CHURCH IN PARLIAMENT

The Bishop of Winchester, the Rt Revd Tim Dakin, addresses the Lords

The Bishop of Winchester, the Rt Revd Tim Dakin, addresses the Lords

IT IS vital that the UK’s foreign policy should include “expertise and engagement with what motivates billions of people”: religion, the Bishop of Winchester, the Rt Revd Tim Dakin, has said.

Speaking on Tuesday of last week, in a House of Lords debate on the report, UK Foreign Policy in a Shifting World Order, Bishop Dakin urged the Government to consider that “religious literacy is a language that could be invested in as part of this new openness to international relations.”

The report concludes that foreign affairs are in a state of upheaval, with challenges to the UK’s international relationships, including those with the United States and China, and that the UK should strive to maintain the rules-based international order, despite threats from the US and Russia.

One part of maintaining and building relationships is using soft power, the report said.

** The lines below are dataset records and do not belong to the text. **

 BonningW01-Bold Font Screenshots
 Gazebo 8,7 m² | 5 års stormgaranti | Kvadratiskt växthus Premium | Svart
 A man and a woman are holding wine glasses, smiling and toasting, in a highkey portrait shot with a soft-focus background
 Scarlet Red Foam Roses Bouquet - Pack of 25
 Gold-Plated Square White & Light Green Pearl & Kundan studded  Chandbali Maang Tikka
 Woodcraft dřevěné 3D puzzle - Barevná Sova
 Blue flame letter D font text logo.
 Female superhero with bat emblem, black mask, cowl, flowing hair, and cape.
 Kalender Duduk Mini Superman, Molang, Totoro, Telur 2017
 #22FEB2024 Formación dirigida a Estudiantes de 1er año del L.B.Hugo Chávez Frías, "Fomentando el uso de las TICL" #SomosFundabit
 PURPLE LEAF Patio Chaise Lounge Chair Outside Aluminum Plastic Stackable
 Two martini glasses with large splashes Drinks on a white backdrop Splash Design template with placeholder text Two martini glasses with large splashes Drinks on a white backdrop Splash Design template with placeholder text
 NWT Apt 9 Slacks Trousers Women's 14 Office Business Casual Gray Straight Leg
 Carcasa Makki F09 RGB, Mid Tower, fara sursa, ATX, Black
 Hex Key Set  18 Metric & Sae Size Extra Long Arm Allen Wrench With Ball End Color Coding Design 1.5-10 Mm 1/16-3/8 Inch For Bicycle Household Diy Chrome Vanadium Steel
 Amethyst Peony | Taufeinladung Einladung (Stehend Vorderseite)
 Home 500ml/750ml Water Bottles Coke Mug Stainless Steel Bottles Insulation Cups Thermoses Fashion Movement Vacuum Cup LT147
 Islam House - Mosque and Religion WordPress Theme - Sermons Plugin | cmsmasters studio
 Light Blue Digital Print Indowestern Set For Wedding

Bishop Dakin argued that an important part of this was the UK’s higher- and further-education institutions.

He said: “I advocate for a more informed approach to the PR impact of including student numbers in the immigration figures. We lose the chances of sharing, through higher education, our liberal democratic perspectives if students are put off from coming earlier on.

“The numbers are going in the wrong direction, and the influence we might have had is diminishing. Our world-class education might therefore not be accessed by some of the best minds in the world.”

On religion, Bishop Dakin welcomed the recent interim report on Christian persecution worldwide, which came out of an independent review led by the Bishop of Truro, the Rt Revd Philip Mounstephen (News, 3 May).

He said: “This not only points up a key dimension of human rights, but shows the need for greater religious literacy about what people are prepared to live and die for in the contexts of their countries and nations.

“People seek change and vote for change mostly on the basis of deeply held convictions. Our understanding of politics and how these shape our global economics cannot be separated from the tap-roots of the religious beliefs that people who construct these imaginations draw on and express.”

Bishop Dakin continued: “I was a little surprised not to see an emphasis on the importance of the voluntary or charitable sector’s contribution to international relationships, particularly in connection with the UN sustainable development goals. . .

“I would like to have seen in the report and the Government’s response a greater recognition of the sustainable development goals in connection with the references to NGOs.”

Lord Chartres, formerly Bishop of London, also contributed to the debate. He said: “Behind the turbulence, the growth of great powers, and the decline of others, two great factors have led to profound shifts in human history: climate change and human migration.”

He also praised the UK’s commitment to a “really substantial” international aid budget: “The various great wisdom traditions and religions of the world have under-exploited potential in the work of peace building, just as they are at the same time certainly, and often for ill, at the very centre of intrastate conflicts, especially those that are about the identity of threatened groups.”